Financial experts fear a tax raid on workplace salary sacrifice schemes and private pension relief rates could be on the cards in this year’s Autumn Budget as Ms Reeves looks to claw back cash for the public purse after welfare reform u-turns and the row-back on Winter Fuel Payments.
While Labour promised not to raise income tax, National Insurance or VAT ‘for working people’, hints have been dropped by ministers that other schemes could be under the knife this year, including pension tax relief and salary sacrifice arrangements.
As reported by experts Brunsdon Financial: “Reports indicate that officials are now reviewing proposals for a flat 30% rate of pensions tax relief, a policy previously supported by Rachel Reeves in 2016 as a backbencher. If implemented, this could generate up to £2.7 billion in revenue – while redistributing some advantage away from higher earners.”
This would be bad news for higher earners especially, who can make use of salary sacrifice rules as they currently exist to save as much as 40-45% on their tax by hiding the money in their pension, a system Martin Lewis says can ‘double your money’ when combined with other pension perks.
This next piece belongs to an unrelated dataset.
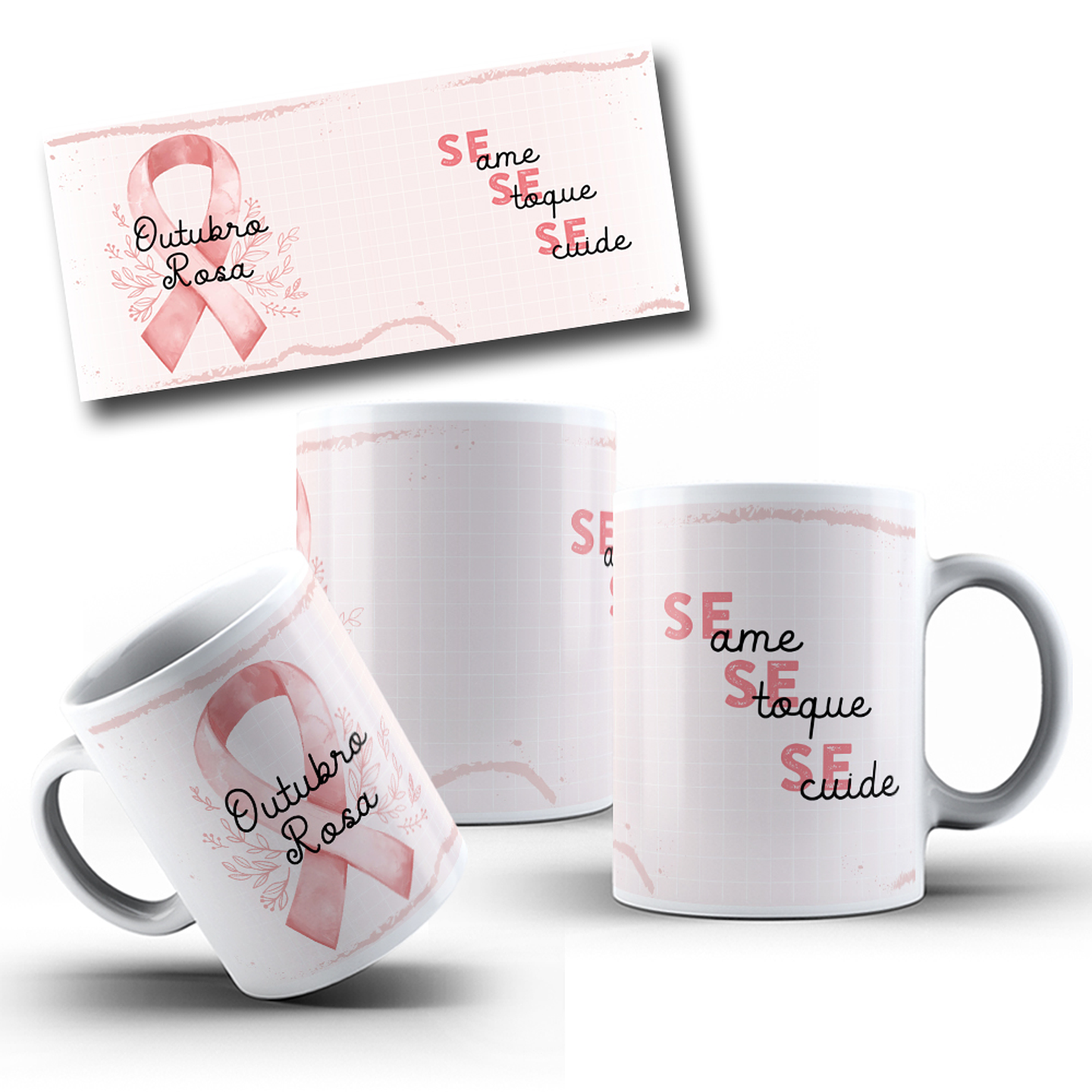 8 Artes para Caneca Outubro Rosa Arquivo em Jpg 5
Martin Lewis said in the last series of his ITV show: “The most important thing to remember is the money you put into your pension is from pre-tax salary. So this is the superpower. You get tax relief. So as a basic 20% rate taxpayer, you’re putting £100 in, but of course when you get it in your pay packet 20% is being taken off. So to put £100 in only costs you £80. So you’re getting £100 investment for the cost of £80.”
For those in a workplace pension scheme, you will automatically be enrolled in a pension in most cases. As a result, your employer must match your contributions to a certain level.
This is important because, in most cases, for every £100 you put in, your employer will add in matched contributions.
Martin continued: “So for a basic rate taxpayer, that means you, if you’re putting in £80, you’re getting £160, double the money going into your investment, double your money from what’s coming out your pay packet.
“If you’re a higher rate taxpayer, £60 becomes £160, if you’re a top rate taxpayer – and some people might say it’s unjust they’re the ones that get the biggest but anyway – £55 is nearly being trebled to £160 going into your investments.
“That is just completely unbeatable. So in a way if you were not to do it, you’re giving up a payrise.”
But now there are worries that these ‘unbeatable’ perks could be softened, with 40-45% relief dropping down to 30%, meaning less benefit for higher earners.
“Many clients are already asking what a potential change in pensions tax relief might mean for their long-term plans,” says Brian Morman, Director at Brunsdon Financial. “While no official reforms have yet been announced, it’s a good time to review your pension strategy and make sure it remains tax-efficient.”
Brunsdon adds: “Another area under scrutiny is salary sacrifice – a commonly used mechanism that can allow employees to exchange part of their salary for pension contributions or other benefits, reducing their overall tax liability. Treasury officials are reportedly reviewing this amid concerns that it disproportionately benefits higher earners.”